● Record set:
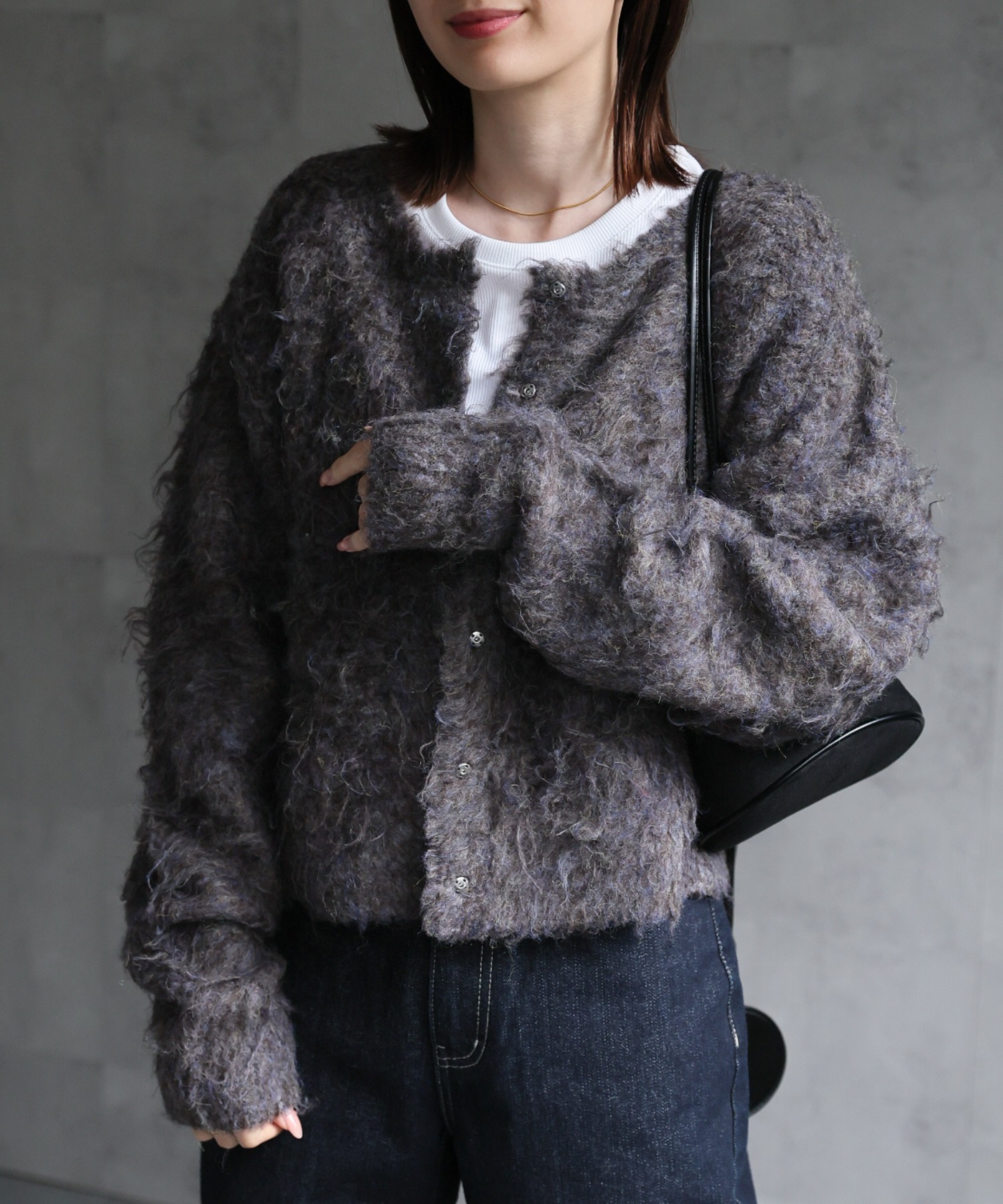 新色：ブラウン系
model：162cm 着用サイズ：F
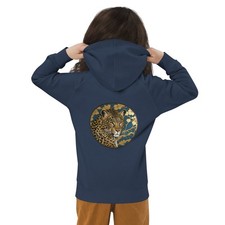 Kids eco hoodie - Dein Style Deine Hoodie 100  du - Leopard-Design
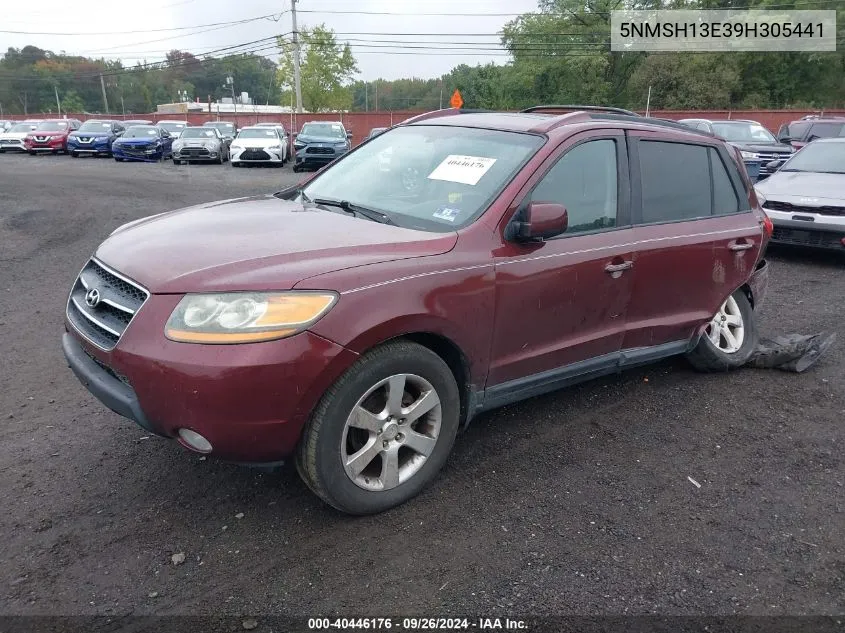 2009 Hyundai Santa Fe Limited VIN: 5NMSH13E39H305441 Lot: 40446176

---

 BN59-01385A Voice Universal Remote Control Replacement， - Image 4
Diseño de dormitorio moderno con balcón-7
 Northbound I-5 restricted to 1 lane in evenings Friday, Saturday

---

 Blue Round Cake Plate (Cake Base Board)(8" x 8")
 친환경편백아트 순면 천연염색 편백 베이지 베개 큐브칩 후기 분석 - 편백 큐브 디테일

● Assigned task: From the listing above, return the lines starting at the one with "Blue Round Cake" and ending at the one with "친환경편백아트 순면 천연염색", both kept, exactly as they appear and nothing more.

● Your solution:
 Blue Round Cake Plate (Cake Base Board)(8" x 8")
 친환경편백아트 순면 천연염색 편백 베이지 베개 큐브칩 후기 분석 - 편백 큐브 디테일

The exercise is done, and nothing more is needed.